Like its titular character, Chappie is a bit of a black sheep when it comes to current public perception.

The film follows the creation and development of the world’s first sentient AI, placed in the body of a destroyed police scout, as it falls into the wrong crowd and is raised to be a gangster in the rubble of urban Johannesburg. This brings up a conflict that spans politics, morality, and poverty’s effect on upbringing that offers examination of human nature.

The film succeeds heavily on a thematic level, something that director Neill Blomkamp seems to have no trouble doing, sometimes even overdoing it (See: Elysium). Chappie is quite literally a child; he is impressionable, heavily influenced and manipulated, and must learn and adapt from his surroundings. His life is an unprecedented one that offers a glaring insight into humanity and how we can hurt and be hurt so easily. Through “his” existence, we also witness the effects of morality, as well as mortality, as we see a lovable little outlier molded by his surroundings into something completely different than what could have been had he been raised in a different environment. It also shows the good that lies hidden with the bad in its two anti-heroes, played incorrigibly by music group Die Antwoord, who offer both bad influence, but nurturing pseudo-parents for the young robot.
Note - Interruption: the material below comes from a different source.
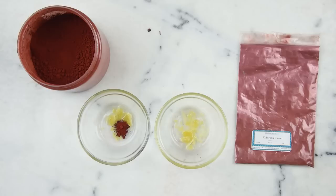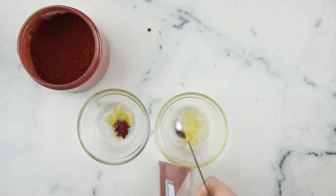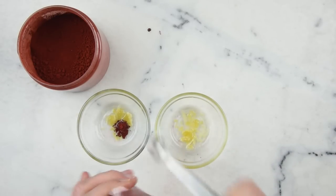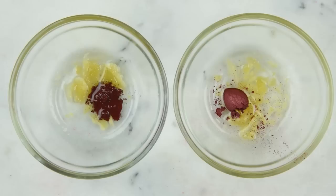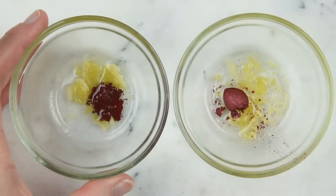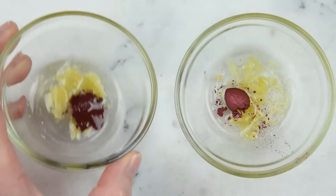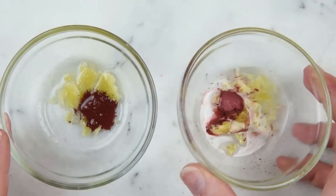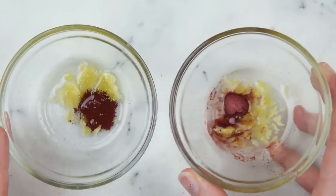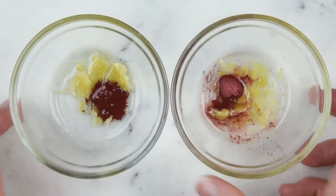There's one-eighth of a teaspoon of red iron oxide. And then we'll grab an eighth of a teaspoon of the similarly hued mica. Right away, we can see that the red iron oxide has sunk straight into the oils and is wetting itself out, whereas the mica is kind of sitting there, starting to incorporate with some agitation. So I'm going to pop these in a water bath and melt them through.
As far as looks go, Chappie looks amazing. Sharlto Copley bring the character to life with a realism that makes the film feel authentic. It’s not hard to really care for the film’s characters, even if they’re a bit irritating or naive at times. Chappie himself is designed well enough to feel natural- things like hand gestures and struts are formulated, perfected, and carried on throughout the rest of the film with continuity. He demands sympathy. The adherence to the science fiction is admirable and makes the film fascinating on a separate level, and the portrayal of city life is so feasible that it makes the future seem less distant. The visual style is practically perfect. For all that we know, the events that take place in Chappie could become a possibility within the next few years, and that is completely wonderful.

Like a child, Chappie also has so much potential to be better. The film could have worked on having a better script, and the cinematography could have featured much less slow motion close ups. Blomkamp could have made the villain less of a two dimensional character and Ninja and Yolandi from Die Antwoord could have been replaced by actors who could actually act or talk comprehensibly. I understand that they were the influence for the film, but they didn’t necessarily have to be the stars. At one point, Chappie felt more like a parody of a music video than it did an actual film. Thankfully, none of these flaws are enough to take away from the strong substance that lies at the core of the film.

Chappie is definitely a flawed movie, but it is also one in which the flaws can be overlooked for an emotional and sentimental core that really observes the intrinsic nature of our species. By giving us a character that is like us emotionally but not aesthetically, Blomkamp makes us host to a wide new array of unprecedented emotion and thought.